## Data below
=== Begin Enclosure ===
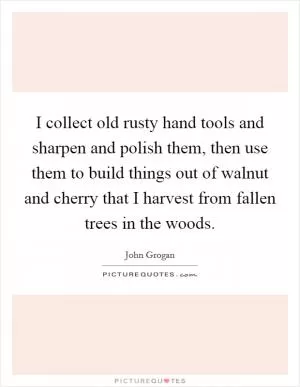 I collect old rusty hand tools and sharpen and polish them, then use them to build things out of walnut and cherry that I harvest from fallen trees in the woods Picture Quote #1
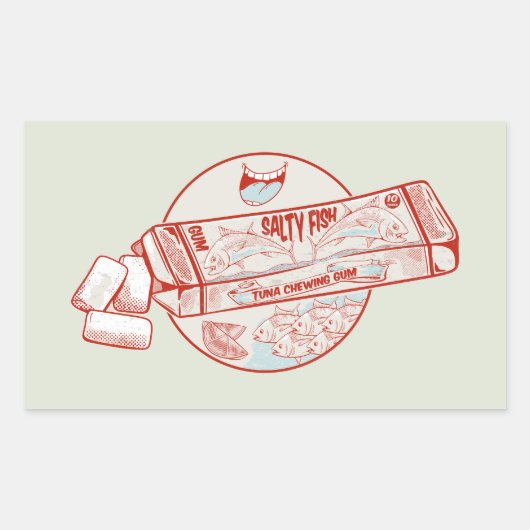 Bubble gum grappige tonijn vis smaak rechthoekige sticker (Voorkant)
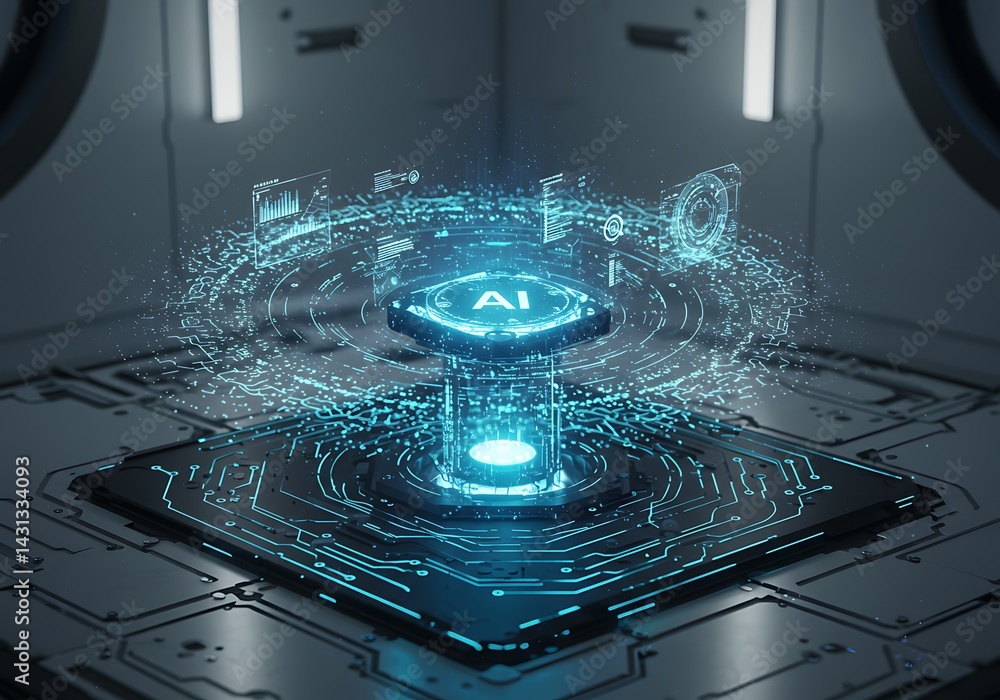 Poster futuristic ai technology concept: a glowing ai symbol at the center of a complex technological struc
=== End Enclosure ===
Reproduce only the lines from the beginning of the data through the line that contains "Bubble gum grappige", both included, and please drop the pictures.

 I collect old rusty hand tools and sharpen and polish them, then use them to build things out of walnut and cherry that I harvest from fallen trees in the woods Picture Quote #1
 Bubble gum grappige tonijn vis smaak rechthoekige sticker (Voorkant)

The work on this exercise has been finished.